Journal: IEEE Transactions on Software Engineering
Authors: Yun Peng, Shuqing Li, Wenwei Gu, Yichen Li, Wenxuan Wang, Cuiyun Gao, and Michael Lyu
Application Programming Interfaces (APIs), which encapsulate the implementation of specific functions as interfaces, greatly improve the efficiency of modern software development. As the number of APIs grows up fast nowadays, developers can hardly be familiar with all the APIs and usually need to search for appropriate APIs for usage. So lots of efforts have been devoted to improving the API recommendation task. However, it has been increasingly difficult to gauge the performance of new models due to the lack of a uniform definition of the task and a standardized benchmark. For example, some studies regard the task as a code completion problem, while others recommend relative APIs given natural language queries. To reduce the challenges and better facilitate future research, in this paper, we revisit the API recommendation task and aim at benchmarking the approaches. Specifically, the paper groups the approaches into two categories according to the task definition, i.e., query-based API recommendation and code-based API recommendation. We study 11 recently-proposed approaches along with 4 widely-used IDEs. One benchmark named APIBench is then built for the two respective categories of approaches. Based on APIBench, we distill some actionable insights and challenges for API recommendation. We also achieve some implications and directions for improving the performance of recommending APIs, including appropriate query reformulation, data source selection, low resource setting, user-defined APIs, and query-based API recommendation with usage patterns.
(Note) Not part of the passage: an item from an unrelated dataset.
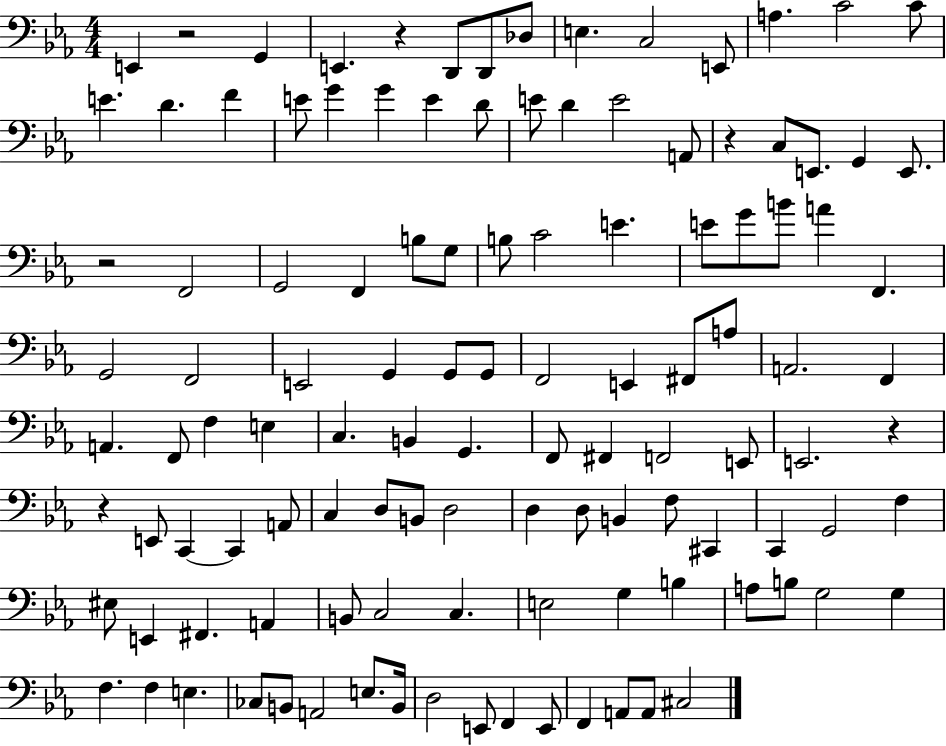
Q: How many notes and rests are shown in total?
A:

Workflow of API recommendation
- Existing approaches fail to predict 57.8% method-level APIs that could be successfully predicted at the class level. The performance achieved by the approaches is far from the requirement of practical usage. Accurately recommending the method-level APIs still remains a great challenge.
- Learning-based methods do not necessarily outperform retrieval-based methods in recommending more correct APIs. The insufficient query-API pairs for training limit the performance of learning-based methods.
- Current approaches cannot rank the correct APIs well, considering the huge gap between the scores of Success Rate and the other ranking metrics.
- Query reformulation techniques are quite effective in helping query-based API recommendation approaches give the correct API by adding an average boost of 27.7% and 49.2% on class-level and method-level recommendations, respectively.
- Query expansion is more stable and effective to help current query-based API recommendation approaches give correct APIs than query modification.
- In query expansion, adding predicted API class names or relevant words to queries are more useful than adding other tokens.
- BERT-based data augmentation shows superior performance in query modification compared with other query modification techniques.
- Expanding queries or modifying queries with appropriate data augmentation methods can improve the ranking performance of the query-based API recommendation techniques.
- Original queries raised by users usually contain noisy words which can bias the recommendation results, and query reformulation techniques should consider involving noisy-word deletion for a more accurate recommendation.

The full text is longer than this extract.